Though it was initially understood that the dispute was over the control of illegal routes connecting Zimbabwe and Mozambique, it has since emerged that suspicions of availing information to security agents were at the heart of the brawl.
During the Christmas Pass clash, motorists could neither drive into nor out of Mutare as the warring groups’ vehicles temporarily blocked the road.
Mutare businessman, Edward Muhamba, who owns a farm in Burma Valley along the border with Mozambique, was among the 11 people who were arrested in connection with the violence.
Upon being granted $50 000 bail, Muhamba revealed to The Manica Post that the ongoing wars have been triggered by distrust among the dealers.
“I decided to effect a citizen arrest on the smuggling syndicates as they were soiling my image. They were accusing my alleged smuggling cartel of bribing security agents.
“They even went on the extent of creating a social media message purporting that I bought houses for senior security agents, which is laughable. How can I buy a house for someone else when I am still residing in Chikanga?
“The source of this conflict is that they (rival smuggling syndicates) believe that I am now teaming up with the police in curtailing their operations. I have not bribed anyone in the police force, the army or any other security service you may think of. I challenge anyone with evidence of the supposed bribery to come forward with it,” fumed Muhamba.
He went on to distance himself from any smuggling activities.

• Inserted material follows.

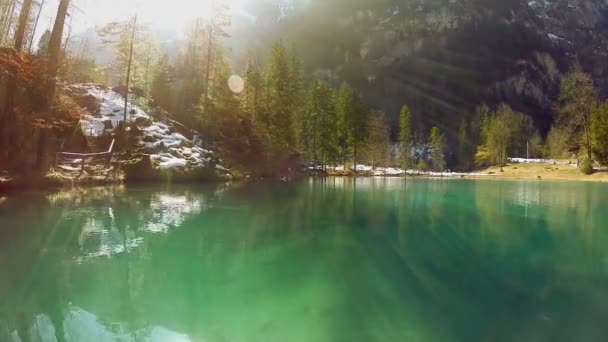 Turquoise lake. — Stock Video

“A good number of individuals is behind these smuggling activates but I am no longer a part of it. I was last actively involved in smuggling sometime in 2017. The road we used to smuggle goods from Mozambique near my farm is no longer passable,” he said.
Meanwhile, two members of rival smuggling syndicates allegedly exchanged fire in Nyazura last weekend over unknown reasons.
The duo appeared in court early this week.
They were facing charges of smuggling bales worth millions of dollars.
Anyway Chinyanga (39) and Stanley Dzemwa(50)– both from Harare – were arrested after villagers in Zunidza, Nyazura, witnessed the exchange of fire and informed the police of the development.
The duo was granted $50 000 bail each by Rusape magistrate, Ms Annie Ndiraya.
Chinyanga was separately fined $10 000 after pleading guilty to moving around with an unlicensed loaded pistol with four rounds of ammunition.
Prosecuting, Rusape District public prosecutor, Ms Event Dhliwayo said Chinyanga and Dzemwa’s trucks were carrying bales of shoes and clothes, as well as foodstuffs.
“On July 10, police received information that there were vehicles with smuggled goods in Nyazura. The police proceeded to the scene and found Chinyangain a vehicle that had a shattered windscreen, a dismantled dashboard and deflated tyres.
“Chinyanga led the police to a place where two other trucks were parked. The vehicles also had shattered windscreens. Dzemwa was found at the parked trucks,” said Mrs Dhliwayo.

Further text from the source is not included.